秘密の計画 信仰の真の目的と計画が曖昧としている、あるいは新規入信者や一般大衆にはそれらが明確に提示されていない。
欺瞞 入信者や信徒は、その頂点に立つ指導者や集団の中枢部に関してすべてを知らされるわけではなく、また大きな混乱を招くような不備や厄介事に発展しそうな事件、あるいは状況は隠蔽されている。
金融面および性的な利用 入信者や信徒は、その金銭およびそのほかの資産を差し出すよう説得され、指導者には一人かそれ以上の信徒との性的関係が許されている。
絶対的な真理 さまざまなテーマにおいて、指導者、あるいは集団が見いだした究極の知識に対する盲信。
絶対的な道徳観 指導者、あるいは集団が確立した、組織の内外を問わず等しくあてはまる、思考および行動に関する善悪の基準への盲信。その道徳の基準にきちんと従えば、組織の一員としていられるが、そうでない者は破門されるか罰せられる。

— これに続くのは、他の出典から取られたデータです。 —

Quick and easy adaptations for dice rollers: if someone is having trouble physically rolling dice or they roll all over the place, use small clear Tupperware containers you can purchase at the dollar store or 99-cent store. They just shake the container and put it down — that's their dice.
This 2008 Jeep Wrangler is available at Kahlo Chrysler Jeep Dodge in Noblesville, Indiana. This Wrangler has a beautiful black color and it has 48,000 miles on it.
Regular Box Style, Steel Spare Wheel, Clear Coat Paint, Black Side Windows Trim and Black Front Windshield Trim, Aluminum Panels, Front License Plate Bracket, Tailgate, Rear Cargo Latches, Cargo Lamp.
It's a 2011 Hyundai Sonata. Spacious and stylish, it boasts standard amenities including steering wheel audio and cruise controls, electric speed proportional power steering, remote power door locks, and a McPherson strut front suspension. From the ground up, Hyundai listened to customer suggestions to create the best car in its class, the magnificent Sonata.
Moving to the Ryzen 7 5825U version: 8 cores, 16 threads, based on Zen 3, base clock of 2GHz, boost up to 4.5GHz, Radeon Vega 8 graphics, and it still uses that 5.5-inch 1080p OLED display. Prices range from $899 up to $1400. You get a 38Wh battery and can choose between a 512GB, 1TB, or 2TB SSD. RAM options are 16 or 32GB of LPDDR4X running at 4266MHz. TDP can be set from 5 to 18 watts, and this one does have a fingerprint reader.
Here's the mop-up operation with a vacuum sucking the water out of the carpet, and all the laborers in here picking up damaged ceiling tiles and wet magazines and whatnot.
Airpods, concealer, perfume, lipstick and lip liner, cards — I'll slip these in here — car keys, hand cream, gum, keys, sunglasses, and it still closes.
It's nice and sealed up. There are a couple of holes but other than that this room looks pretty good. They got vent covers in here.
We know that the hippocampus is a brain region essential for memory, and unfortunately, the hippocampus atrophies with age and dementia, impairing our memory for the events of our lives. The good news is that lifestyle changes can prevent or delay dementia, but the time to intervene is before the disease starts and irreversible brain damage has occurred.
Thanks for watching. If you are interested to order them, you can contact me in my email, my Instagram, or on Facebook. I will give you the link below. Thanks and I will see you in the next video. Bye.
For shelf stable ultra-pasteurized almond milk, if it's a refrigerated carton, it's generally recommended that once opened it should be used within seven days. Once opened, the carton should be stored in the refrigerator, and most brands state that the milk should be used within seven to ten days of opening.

これらの定義が幸福の科学にどれだけ当て嵌まっているか知る由もありませんし、当たっている部分が仮にあったとしても幸福の科学が反社会的な「破壊的カルト」であるかどうかについての確実な知見を持ちません。少なくともオウム真理教の様に具体的な反社会的活動と司法による断罪があったとは寡聞にして存じません。えらく口を濁していますが、幸福の科学は批判者に対して断固たる実際的行動及び法的措置を取るようで小市民させて頂きます。



佐々木氏にはツイッター上で批判が寄せられているのですが、いくつか発言を拾ってみます。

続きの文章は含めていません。